* What the task asks *
Without altering a word, return the records below, but exclude the pictures.
(Beginning of Data to use)
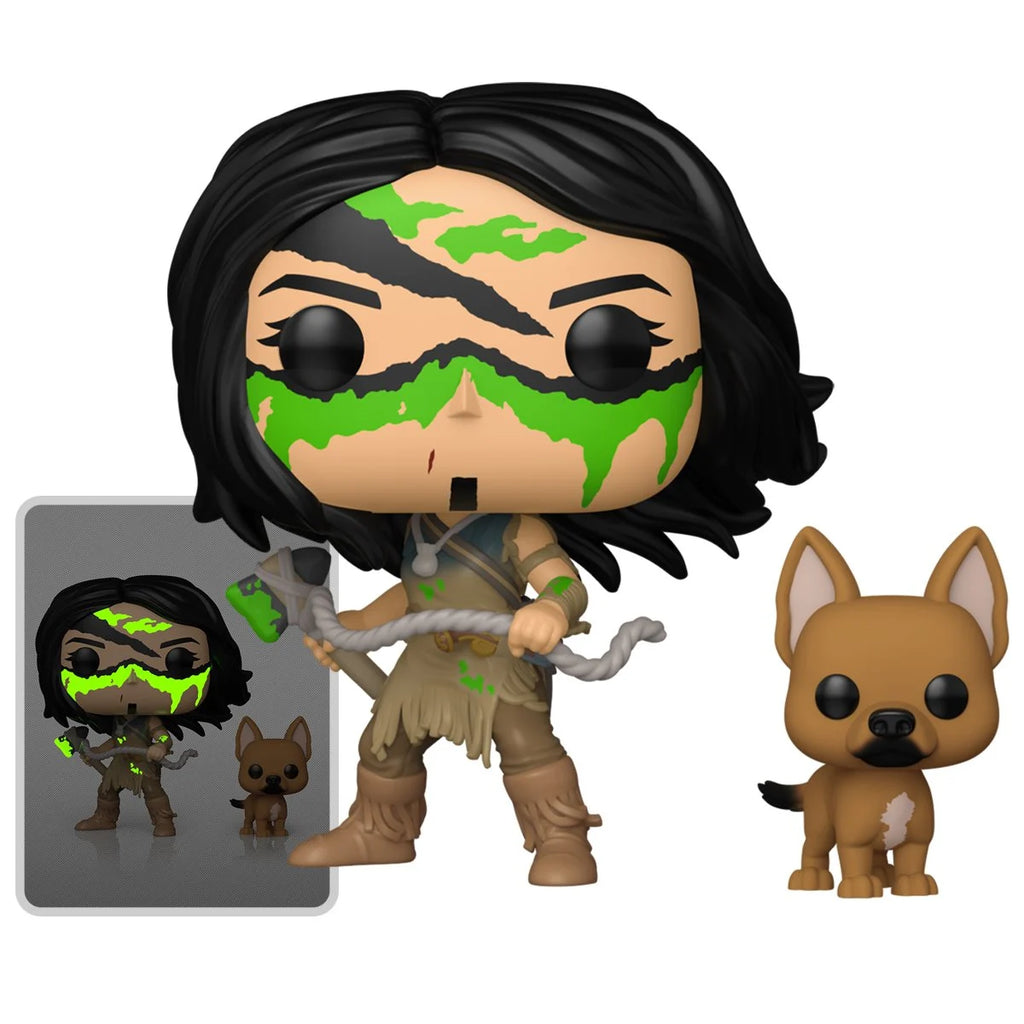 Funko Pop Prey Naru with Sarii (GITD) Vinyl Figure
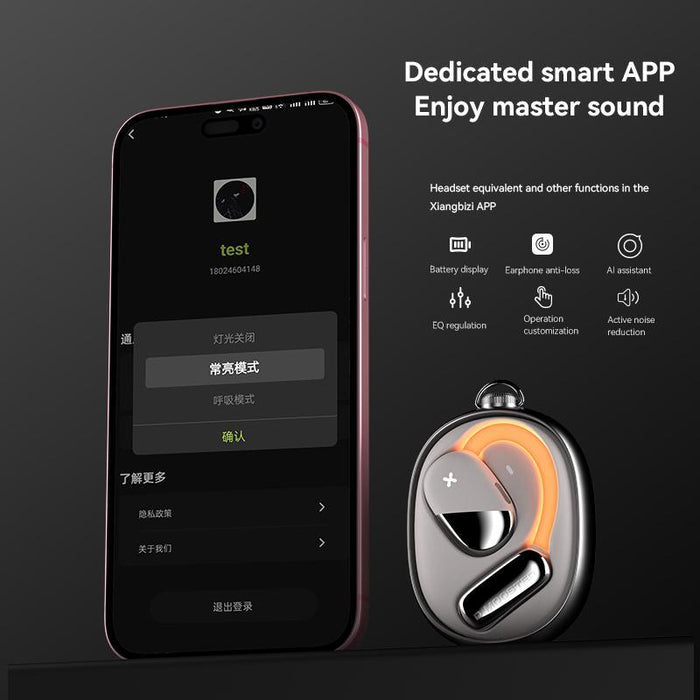 Dmooster D72 Ows Ear-Mounted Anc Noise Reduction Bluetooth Earphones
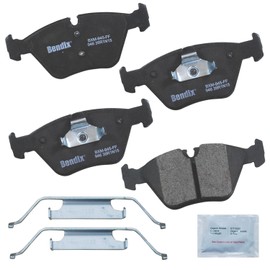 Bendix Premium Copper Free CFM946 Semi-Metallic Brake Pad (with Installation Hardware Front)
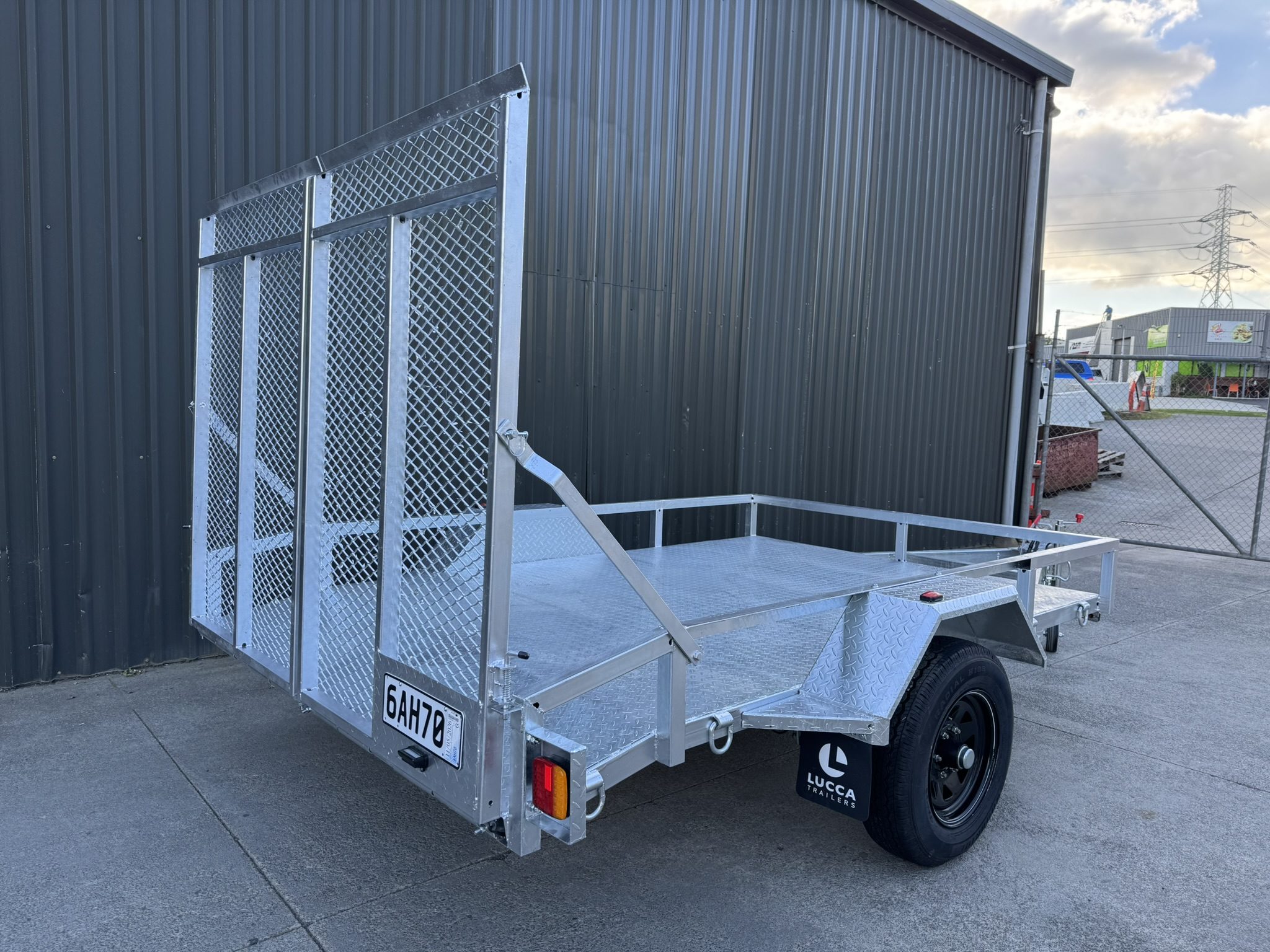 10 by 6 ATV / Mower Trailer | Lucca Trailers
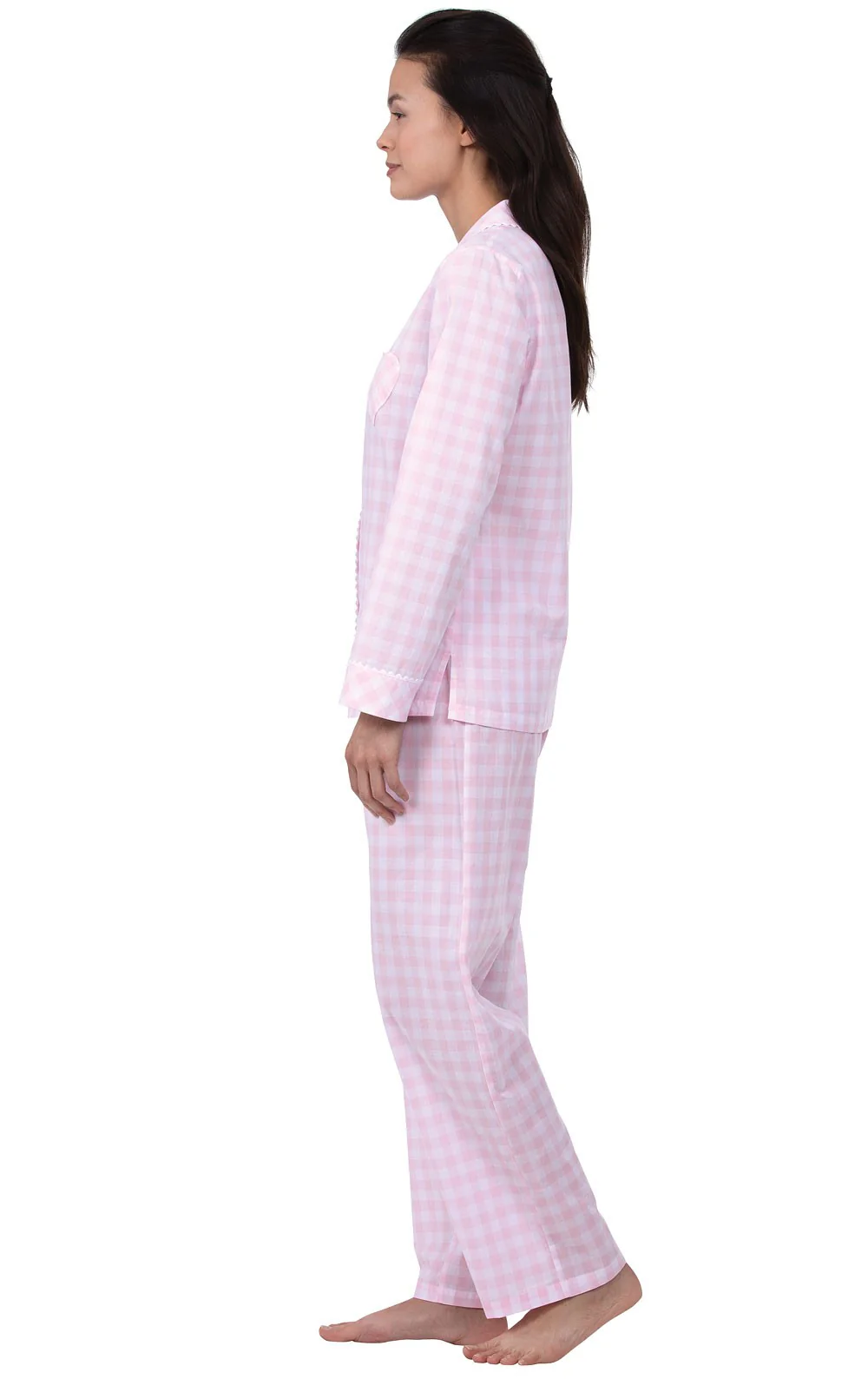 Heart2Heart Gingham Button-Front Pajamas - Image 5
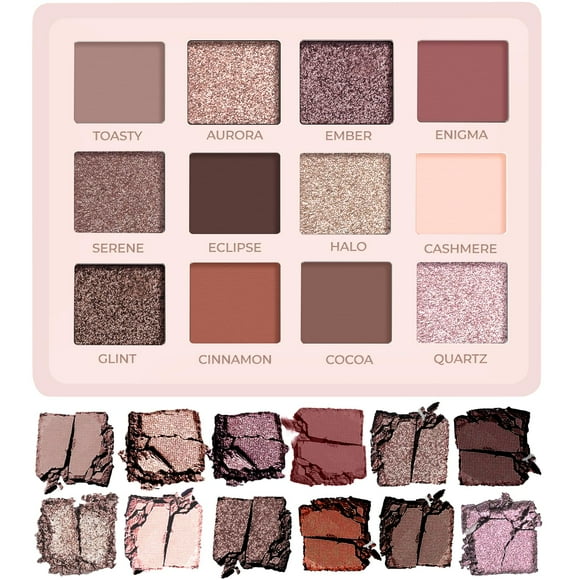 Paleta de sombras de ojos Lamora Nude 12 Neutral Matte & Shimmer
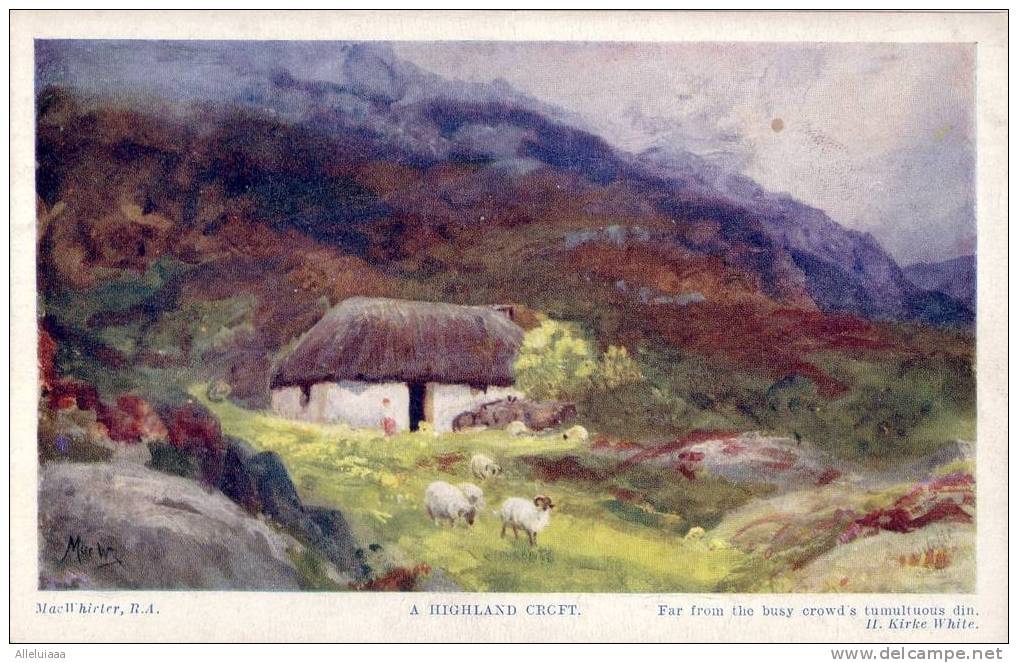 CPA Belle Carte Illustration Raphael TUCK " OILETTE "connaiseur A HIGHLAND CROFT - MacWhiter " N°2979 - Tuck, Raphael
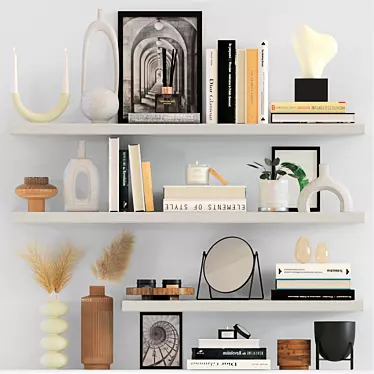 H&M Accessory Collection: Fragrance, Candles, Décor & More 3D model image 1 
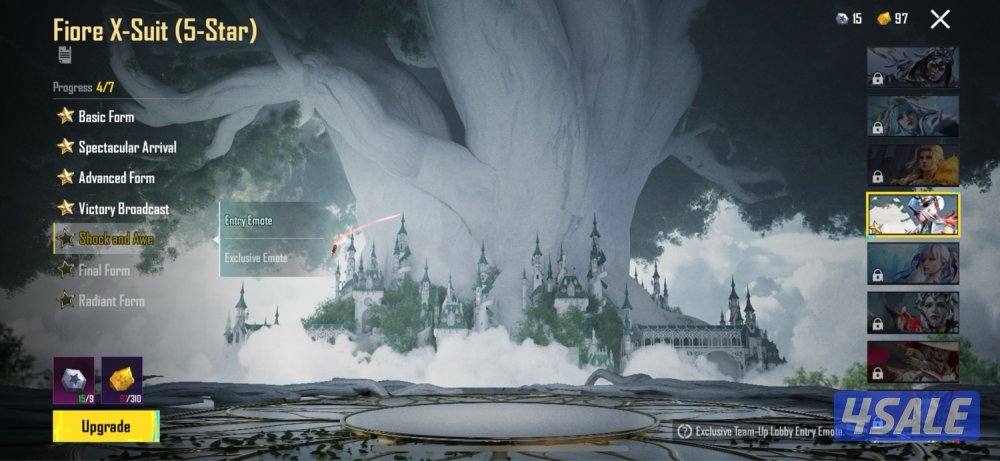 حساب ببجي للبيع lvl 82 فيه 119 مثيك2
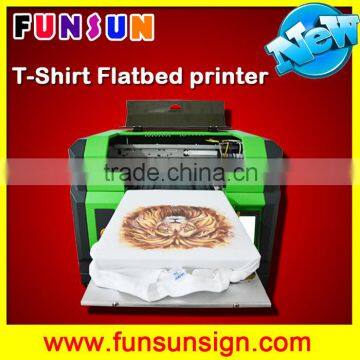 a3 a4 printing size fabrics printer with dx5 head 1440dpi cmyk white colors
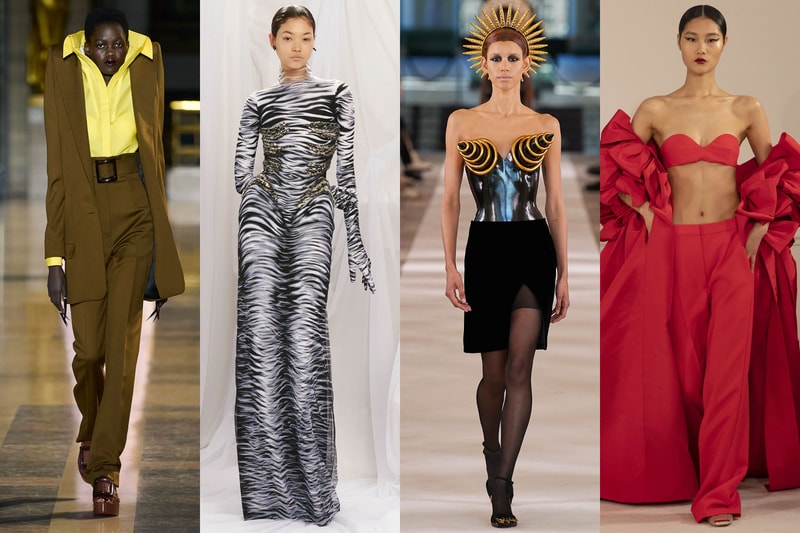 Paris Couture Week Spring 2022 Viktor & Rolf Jean Paul Gaultier Schiaparelli Valentino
(End of Data to use)
* Reply *
 Funko Pop Prey Naru with Sarii (GITD) Vinyl Figure
 Dmooster D72 Ows Ear-Mounted Anc Noise Reduction Bluetooth Earphones
 Bendix Premium Copper Free CFM946 Semi-Metallic Brake Pad (with Installation Hardware Front)
 10 by 6 ATV / Mower Trailer | Lucca Trailers
 Heart2Heart Gingham Button-Front Pajamas - Image 5
 Paleta de sombras de ojos Lamora Nude 12 Neutral Matte & Shimmer
 CPA Belle Carte Illustration Raphael TUCK " OILETTE "connaiseur A HIGHLAND CROFT - MacWhiter " N°2979 - Tuck, Raphael
 H&M Accessory Collection: Fragrance, Candles, Décor & More 3D model image 1 
 حساب ببجي للبيع lvl 82 فيه 119 مثيك2
 a3 a4 printing size fabrics printer with dx5 head 1440dpi cmyk white colors
 Paris Couture Week Spring 2022 Viktor & Rolf Jean Paul Gaultier Schiaparelli Valentino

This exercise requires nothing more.